What has been amazing was that as I spent more time with Him, the focus of my prayers shifted from me, the embryos, me, our family, me, me, me…to Him, His power, His might and His will and direction for our lives. 

And low and behold when I wasn’t expecting it, I got a call from our attorney.  The precious embryos we had been waiting for have now joined our family.  Poof, just like that --- the contract was finished.  Signed, sealed and delivered!

The twinkle babies are ours!

What a reminder that my perspective is so small, so tiny and shallow.  God’s word and His promises are true, but it’s because of this trial I can finally see that His hand is on me, has been on me and takes care of the entire span of the universe! 

So, am I thankful for valleys?  This is most certainly not a "bring-it-on" invitation for more trials to enter my life, but I will say that whatever the Lord is doing through our trials, I have faith that it is all because He loves me.

For the word of God is living and powerful, and sharper than any two-edged sword, piercing even to the division of soul and spirit, and of joints and marrow, and is a discerner of the thoughts and intents of the heart.  Hebrews 4:12

Monday, November 15, 2010

Biopsy results are in...

After red tape with my insurance, the x-ray machine breaking and my original biopsy postponed...I finally had a stereotactic biopsy last Friday to check to see if the cluster of cells in my breasts was cancer. 

I slipped into a stylish turquoise (open-to-the-front) hospital gown, entered a room that quite honestly could have kept popsicles frozen, and hopped up onto a gigantic table for the procedure.

Picture this...

Picture a massage or chiropractor table (sound nice and relaxing, right?).  Nope...it was an examination table...except the hole wasn't up here for my face, it was lower and to the right a little.  Yep, a booby-hole...very strange.

So, there I laid, horizontal on the table, face down (bb through the strange opening) while the table was lifted up to the ceiling by a hydraulic lift.  I am seriously not making this stuff up!  It wasn't jiffy lube it was jiffy-boob.  That was where I stayed for the next hour!

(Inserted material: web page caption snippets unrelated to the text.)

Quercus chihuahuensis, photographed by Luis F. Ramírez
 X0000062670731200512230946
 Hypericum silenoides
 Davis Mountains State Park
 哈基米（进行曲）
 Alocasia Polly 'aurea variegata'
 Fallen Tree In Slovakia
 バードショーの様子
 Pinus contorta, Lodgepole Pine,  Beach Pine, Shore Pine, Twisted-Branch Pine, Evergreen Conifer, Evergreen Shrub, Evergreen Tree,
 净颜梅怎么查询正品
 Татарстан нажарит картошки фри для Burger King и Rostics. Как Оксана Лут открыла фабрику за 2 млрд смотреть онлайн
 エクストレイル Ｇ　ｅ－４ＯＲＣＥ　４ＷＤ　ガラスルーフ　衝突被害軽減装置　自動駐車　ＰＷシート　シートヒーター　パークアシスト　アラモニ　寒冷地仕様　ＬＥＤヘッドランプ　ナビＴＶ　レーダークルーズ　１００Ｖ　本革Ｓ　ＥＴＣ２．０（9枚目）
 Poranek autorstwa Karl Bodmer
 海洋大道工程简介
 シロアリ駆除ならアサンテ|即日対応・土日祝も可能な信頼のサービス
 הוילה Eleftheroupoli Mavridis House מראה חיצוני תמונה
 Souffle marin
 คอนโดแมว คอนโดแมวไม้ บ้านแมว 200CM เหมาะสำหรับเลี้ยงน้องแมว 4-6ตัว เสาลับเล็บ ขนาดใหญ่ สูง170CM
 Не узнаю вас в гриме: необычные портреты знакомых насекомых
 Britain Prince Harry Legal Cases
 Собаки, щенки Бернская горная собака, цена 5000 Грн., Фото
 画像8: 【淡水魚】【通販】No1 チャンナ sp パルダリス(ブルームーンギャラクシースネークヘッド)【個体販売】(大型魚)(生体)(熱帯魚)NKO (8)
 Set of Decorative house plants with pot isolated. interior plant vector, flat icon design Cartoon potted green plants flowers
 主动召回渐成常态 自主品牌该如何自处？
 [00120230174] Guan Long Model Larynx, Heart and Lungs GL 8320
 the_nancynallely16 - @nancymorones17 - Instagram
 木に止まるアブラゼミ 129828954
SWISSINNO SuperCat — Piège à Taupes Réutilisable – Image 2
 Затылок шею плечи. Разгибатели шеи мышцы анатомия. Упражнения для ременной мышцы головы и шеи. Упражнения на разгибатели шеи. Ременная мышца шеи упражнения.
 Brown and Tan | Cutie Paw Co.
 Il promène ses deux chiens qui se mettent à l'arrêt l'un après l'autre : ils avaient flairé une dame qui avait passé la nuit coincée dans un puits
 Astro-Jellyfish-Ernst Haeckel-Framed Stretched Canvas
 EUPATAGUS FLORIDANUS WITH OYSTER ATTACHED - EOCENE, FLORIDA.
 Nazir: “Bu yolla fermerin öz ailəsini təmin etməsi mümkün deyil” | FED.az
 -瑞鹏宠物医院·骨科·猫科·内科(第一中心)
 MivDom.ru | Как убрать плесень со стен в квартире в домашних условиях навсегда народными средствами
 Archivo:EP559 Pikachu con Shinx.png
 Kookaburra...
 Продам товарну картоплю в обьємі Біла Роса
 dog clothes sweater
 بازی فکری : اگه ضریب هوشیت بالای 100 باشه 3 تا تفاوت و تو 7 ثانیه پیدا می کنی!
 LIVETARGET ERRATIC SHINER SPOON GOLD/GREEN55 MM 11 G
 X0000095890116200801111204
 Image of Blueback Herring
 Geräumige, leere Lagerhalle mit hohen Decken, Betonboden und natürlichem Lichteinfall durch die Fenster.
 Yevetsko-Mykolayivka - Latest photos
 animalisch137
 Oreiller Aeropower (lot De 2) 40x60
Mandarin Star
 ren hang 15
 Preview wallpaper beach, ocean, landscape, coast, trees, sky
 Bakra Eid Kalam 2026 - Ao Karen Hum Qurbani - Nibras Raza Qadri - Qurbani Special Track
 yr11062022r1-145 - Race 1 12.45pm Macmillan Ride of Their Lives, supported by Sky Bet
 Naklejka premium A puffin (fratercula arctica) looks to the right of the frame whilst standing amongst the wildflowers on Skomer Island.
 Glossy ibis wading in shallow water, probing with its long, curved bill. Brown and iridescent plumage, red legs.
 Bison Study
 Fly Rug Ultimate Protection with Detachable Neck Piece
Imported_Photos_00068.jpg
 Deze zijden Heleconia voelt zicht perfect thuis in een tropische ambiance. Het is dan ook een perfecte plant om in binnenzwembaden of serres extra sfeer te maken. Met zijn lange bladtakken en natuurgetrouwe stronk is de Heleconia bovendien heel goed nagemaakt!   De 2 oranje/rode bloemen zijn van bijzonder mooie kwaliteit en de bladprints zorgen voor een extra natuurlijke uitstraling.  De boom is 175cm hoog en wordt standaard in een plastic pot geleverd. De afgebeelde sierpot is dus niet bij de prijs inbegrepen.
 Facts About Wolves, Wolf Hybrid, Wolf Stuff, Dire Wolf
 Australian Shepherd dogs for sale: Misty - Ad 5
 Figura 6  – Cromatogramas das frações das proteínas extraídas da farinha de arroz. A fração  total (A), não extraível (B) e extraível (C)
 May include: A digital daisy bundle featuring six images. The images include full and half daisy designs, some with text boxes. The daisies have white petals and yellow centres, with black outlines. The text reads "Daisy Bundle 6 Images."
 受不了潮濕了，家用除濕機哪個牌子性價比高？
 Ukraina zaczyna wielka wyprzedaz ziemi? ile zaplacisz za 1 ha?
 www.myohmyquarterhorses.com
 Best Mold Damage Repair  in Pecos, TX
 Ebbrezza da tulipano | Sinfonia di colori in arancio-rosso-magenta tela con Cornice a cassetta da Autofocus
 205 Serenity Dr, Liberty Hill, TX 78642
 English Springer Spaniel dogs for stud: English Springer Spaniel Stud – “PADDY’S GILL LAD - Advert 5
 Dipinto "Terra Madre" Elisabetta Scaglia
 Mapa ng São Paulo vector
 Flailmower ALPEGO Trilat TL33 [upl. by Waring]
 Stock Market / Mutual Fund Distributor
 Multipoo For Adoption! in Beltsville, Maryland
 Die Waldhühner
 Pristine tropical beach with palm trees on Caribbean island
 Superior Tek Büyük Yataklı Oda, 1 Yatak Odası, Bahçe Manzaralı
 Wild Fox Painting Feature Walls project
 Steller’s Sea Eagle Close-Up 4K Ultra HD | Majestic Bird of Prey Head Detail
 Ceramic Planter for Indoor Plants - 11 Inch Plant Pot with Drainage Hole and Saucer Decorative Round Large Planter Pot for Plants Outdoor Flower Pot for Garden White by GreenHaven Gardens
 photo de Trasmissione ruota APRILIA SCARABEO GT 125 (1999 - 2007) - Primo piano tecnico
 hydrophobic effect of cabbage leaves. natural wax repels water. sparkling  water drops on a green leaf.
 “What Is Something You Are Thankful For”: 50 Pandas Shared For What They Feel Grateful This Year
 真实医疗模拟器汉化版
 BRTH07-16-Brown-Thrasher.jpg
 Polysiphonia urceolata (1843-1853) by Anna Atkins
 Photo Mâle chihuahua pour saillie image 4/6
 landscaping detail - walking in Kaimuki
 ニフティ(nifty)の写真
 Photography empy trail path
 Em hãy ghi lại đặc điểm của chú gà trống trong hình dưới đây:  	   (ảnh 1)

The equipment and uncomfortable position allowed for the doctor, the tech and the assistant to pierce needles into my breast via ultra-fancy, high-tech machines, and retrieve samples for pathology.  Did I mention that they had me place my arm and shoulder through that same hole, too?  I am still bruised from those contorted poses!

While they were in there, they shot a titanium marker into "me" to mark the spot.  It is to help the doctor/surgeon locate the cells in the future.  The titanium maker stays a part of me no matter the outcome.  They assured me I won't be setting off any metal detectors at the airport. 

But now to the best news ever...

After waiting all weekend and most of Monday, the doctor called with the biopsy results...

...It was negative!  Hallelujah and praise God!  He is faithful and merciful. 

I used to be worried that road blocks were sending us off our path and self-imposed timeline to our frozen transfer (which if you'll remember we originally planned for late-October, early-November).  Well, everything happens for a reason and I am now thanking God for my life instead of worrying when the transfer will be.

Taking one day at a time.

I'm also concerned about our lack of a contract...still.  But that, my friends, is a topic for a different post.

Thank you for your prayers.  I definitely felt them!